This is a robust species and can be aggressive at times but it can be kept in a community provided tankmates are chosen with care.
Peaceful, pelagic species which inhabit similar environments in nature such as Tanichthys or Danio species are perhaps the best choices for the upper levels, but we’ve also seen Rhinogobius spp. being maintained alongside barbs, small characins, poeciliid livebearers, etc.
Less suitable are freshwater shrimp from genera such as Caridina and Neocaridina as these are likely to be predated upon.
Balitorid and nemacheilid loaches may prove suitable in larger tanks but in smaller set-ups R. candidianus should ideally be the only benthic species included.
It should not be mixed with congeners, especially closely-related ones such as R. nantaiensis, since it’s not yet clear if they’re capable of hybridisation.
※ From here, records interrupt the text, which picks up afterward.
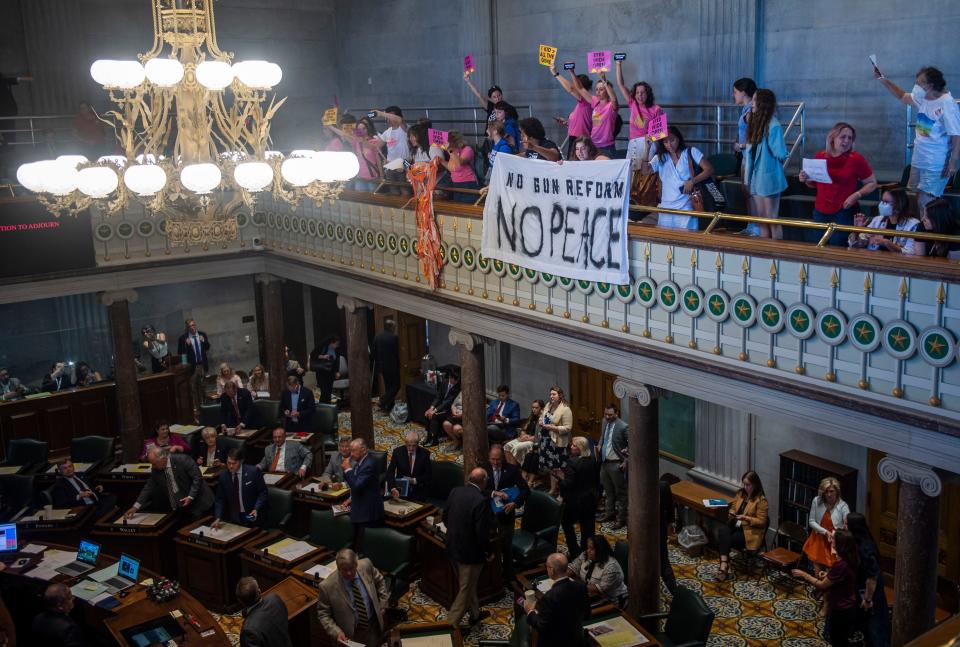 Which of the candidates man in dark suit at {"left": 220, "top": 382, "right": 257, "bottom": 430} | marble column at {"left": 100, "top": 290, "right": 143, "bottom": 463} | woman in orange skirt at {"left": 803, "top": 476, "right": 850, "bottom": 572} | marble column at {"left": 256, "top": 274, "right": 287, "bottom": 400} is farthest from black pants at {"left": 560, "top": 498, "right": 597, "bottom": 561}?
A: marble column at {"left": 100, "top": 290, "right": 143, "bottom": 463}

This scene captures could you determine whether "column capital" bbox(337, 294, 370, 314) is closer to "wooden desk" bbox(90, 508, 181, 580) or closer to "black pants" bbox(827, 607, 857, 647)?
"wooden desk" bbox(90, 508, 181, 580)

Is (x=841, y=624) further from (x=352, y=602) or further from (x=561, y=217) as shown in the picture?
(x=561, y=217)

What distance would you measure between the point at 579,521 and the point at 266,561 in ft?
11.2

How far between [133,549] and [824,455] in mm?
7760

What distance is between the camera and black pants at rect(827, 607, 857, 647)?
8.37 m

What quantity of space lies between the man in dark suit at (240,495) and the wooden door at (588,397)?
18.1ft

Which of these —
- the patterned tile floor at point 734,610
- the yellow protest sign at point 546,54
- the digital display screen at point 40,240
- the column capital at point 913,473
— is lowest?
the patterned tile floor at point 734,610

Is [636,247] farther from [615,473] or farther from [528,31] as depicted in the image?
[528,31]

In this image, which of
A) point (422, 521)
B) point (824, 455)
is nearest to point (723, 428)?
point (824, 455)

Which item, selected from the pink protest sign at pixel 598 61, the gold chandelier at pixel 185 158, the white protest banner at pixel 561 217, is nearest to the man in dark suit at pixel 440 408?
the white protest banner at pixel 561 217

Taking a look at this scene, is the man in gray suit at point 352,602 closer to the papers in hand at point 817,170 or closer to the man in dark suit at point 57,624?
the man in dark suit at point 57,624

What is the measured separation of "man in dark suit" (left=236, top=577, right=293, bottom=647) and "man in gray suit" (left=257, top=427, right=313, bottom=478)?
14.2ft

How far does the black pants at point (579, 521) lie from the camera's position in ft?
35.4

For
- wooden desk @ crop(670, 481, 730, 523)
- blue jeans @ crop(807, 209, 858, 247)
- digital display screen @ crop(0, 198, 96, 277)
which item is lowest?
wooden desk @ crop(670, 481, 730, 523)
Larger fishes are best omitted although in very large set-ups it may be possible to add a few non-predatory, surface-dwelling ones, while the majority of cichlids and other territorial fishes inhabiting the lower reaches should be avoided entirely.
While males are territorial with one another to an extent serious damage is unlikely provided the tank contains sufficient cover, and in fact they appear to actively require the presence of conspecifics.
Aim to purchase at least two males and as many or more females or the fish may become listless and inactive.